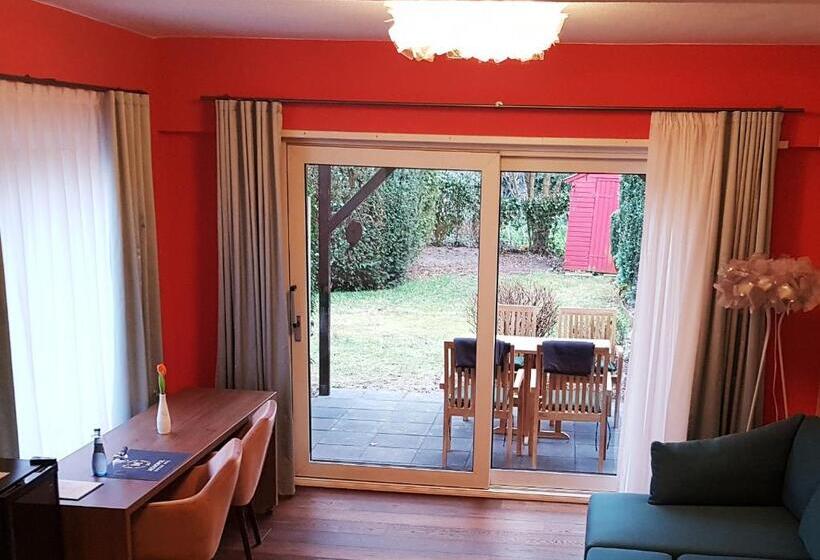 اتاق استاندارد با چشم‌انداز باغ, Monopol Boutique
--------------------
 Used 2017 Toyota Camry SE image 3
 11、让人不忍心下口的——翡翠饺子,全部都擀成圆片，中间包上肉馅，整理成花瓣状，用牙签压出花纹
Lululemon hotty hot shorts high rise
--------------------
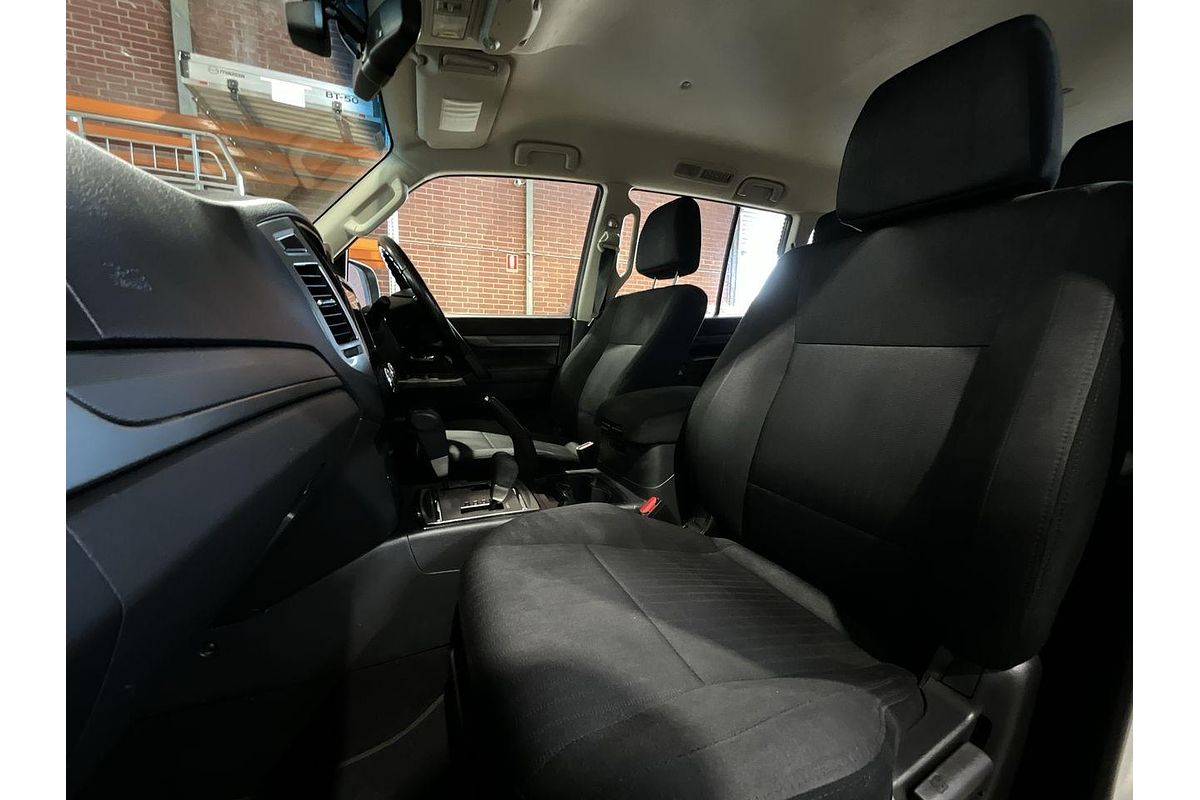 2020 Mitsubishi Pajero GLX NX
--------------------
▶ Exercise details:
Look back at the entries above and repeat, unchanged, every line from the line holding "11、让人不忍心下口的——翡" through the line holding "Lululemon hotty hot shorts high rise".

▶ Reply:
 11、让人不忍心下口的——翡翠饺子,全部都擀成圆片，中间包上肉馅，整理成花瓣状，用牙签压出花纹
Lululemon hotty hot shorts high rise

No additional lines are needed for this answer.